3. Return maxVal (guaranteed to work since threshold ≥ nums.length).

Time Complexity: O(max(nums) × n)

We try up to max(nums) divisors (up to 10^6), and for each divisor we iterate through all n elements (up to 5 × 10^4) to compute the ceiling-division sum. In the worst case, this is 10^6 × 5 × 10^4 = 5 × 10^10 operations — far too slow.

Space Complexity: O(1)

We only use a few integer variables (d, sum, maxVal). No additional data structures needed.

Since the ceiling-division sum decreases monotonically as the divisor increases, we can binary search for the smallest divisor that keeps the sum within the threshold.

Imagine lining up all possible divisors from 1 to max(nums) on a number line. The sums they produce look like a staircase descending from left to right. Somewhere on this staircase, the sum drops from above the threshold to at or below it. We want to find that exact step.

Rather than walking the staircase one step at a time (brute force), we jump to the middle, check which side of the threshold we are on, and eliminate half the remaining candidates. This is binary search.

The search space is [1, max(nums)]:

• low = 1 (smallest possible divisor).
• high = max(nums) (beyond this, every element's ceiling is 1, giving sum = n, which is guaranteed ≤ threshold since threshold ≥ n).

At each step, compute mid = (low + high) / 2 and check the ceiling-division sum:

• If the sum ≤ threshold, then mid is a valid divisor, but there might be a smaller one. Set high = mid.
• If the sum > threshold, then mid is too small. Set low = mid + 1.

When low == high, we have found the smallest valid divisor.

Let's trace through with nums = [1, 2, 5, 9], threshold = 6.

Search range: low = 1, high = max(nums) = 9.

Step 1: mid = (1 + 9) / 2 = 5.

• Compute sum: ⌈1/5⌉ + ⌈2/5⌉ + ⌈5/5⌉ + ⌈9/5⌉ = 1 + 1 + 1 + 2 = 5.
• 5 ≤ 6 → valid. There might be a smaller divisor. Set high = 5.

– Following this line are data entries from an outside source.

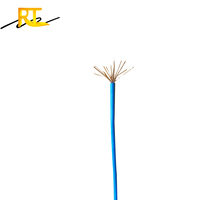 Conductor de cobre de bajo voltaje RUITIAN PVC, cable eléctrico de baja tensión, con cubierta de PVC, de dos, de dos capas, THHN/ THW, de dos capas, de tres capas, de dos, y de una, de dos, de dos, y de una, por un tiempo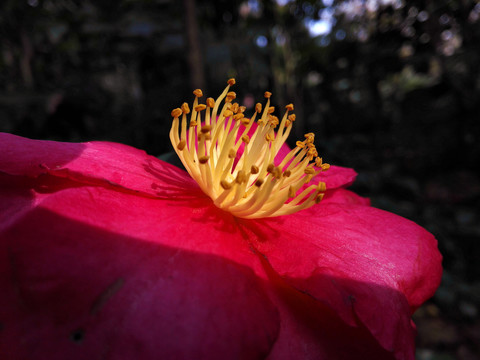 醉人山茶花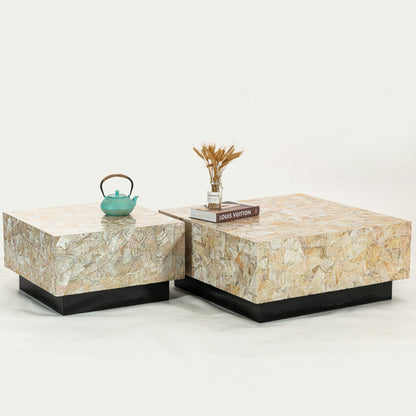 CLUSTER MOTHER OF PEARL HAND MADE COFFEE TABLE-Furniture > Living Room > Coffee Tables-PEROZ Accessories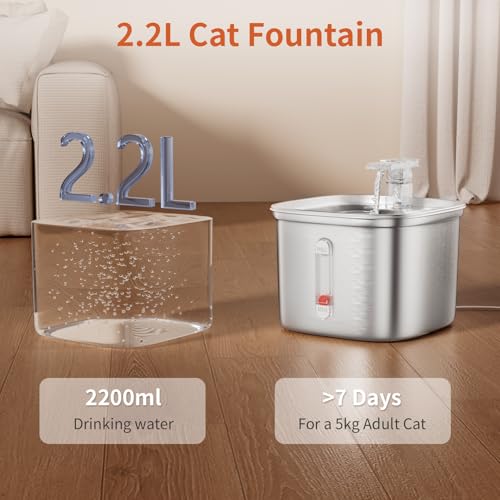 Cat Water Fountain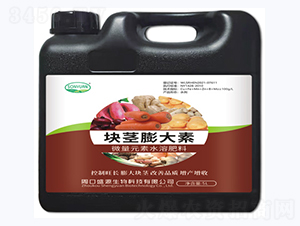 �K�o�����-ʢԴ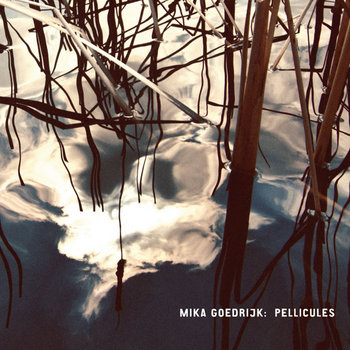 pellicules cover art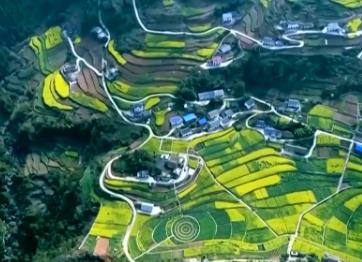 我國成為全球增綠最多最快的國家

Step 2: mid = (1 + 5) / 2 = 3.

• Compute sum: ⌈1/3⌉ + ⌈2/3⌉ + ⌈5/3⌉ + ⌈9/3⌉ = 1 + 1 + 2 + 3 = 7.
• 7 > 6 → invalid. Divisor 3 is too small. Set low = 4.

Step 3: mid = (4 + 5) / 2 = 4.

• Compute sum: ⌈1/4⌉ + ⌈2/4⌉ + ⌈5/4⌉ + ⌈9/4⌉ = 1 + 1 + 2 + 3 = 7.
• 7 > 6 → invalid. Set low = 5.

Step 4: low = 5, high = 5. low == high → converged.

Result: The smallest divisor is 5.

1. Set low = 1, high = max(nums).
2. While low < high:
   a. Compute mid = low + (high - low) / 2.
   b. Compute sum = Σ ⌈nums[i] / mid⌉ for all elements.
   c. If sum ≤ threshold, set high = mid (this divisor works, but a smaller one might too).
   d. Otherwise, set low = mid + 1 (this divisor is too small).
3. Return low.

Computing ceiling division without floating point:

• ⌈a / d⌉ = (a + d - 1) / d (integer division)

Time Complexity: O(n × log(max(nums)))

The binary search operates over the range [1, max(nums)]. With max(nums) up to 10^6, binary search performs at most log₂(10^6) ≈ 20 iterations. Each iteration scans the entire array of n elements to compute the ceiling-division sum. Total: O(n × 20) = O(n × log(max(nums))).

For n = 5 × 10^4, this is about 10^6 operations — extremely fast.

Space Complexity: O(1)

We only use a constant number of variables (low, high, mid, sum). No extra data structures are needed beyond the input array.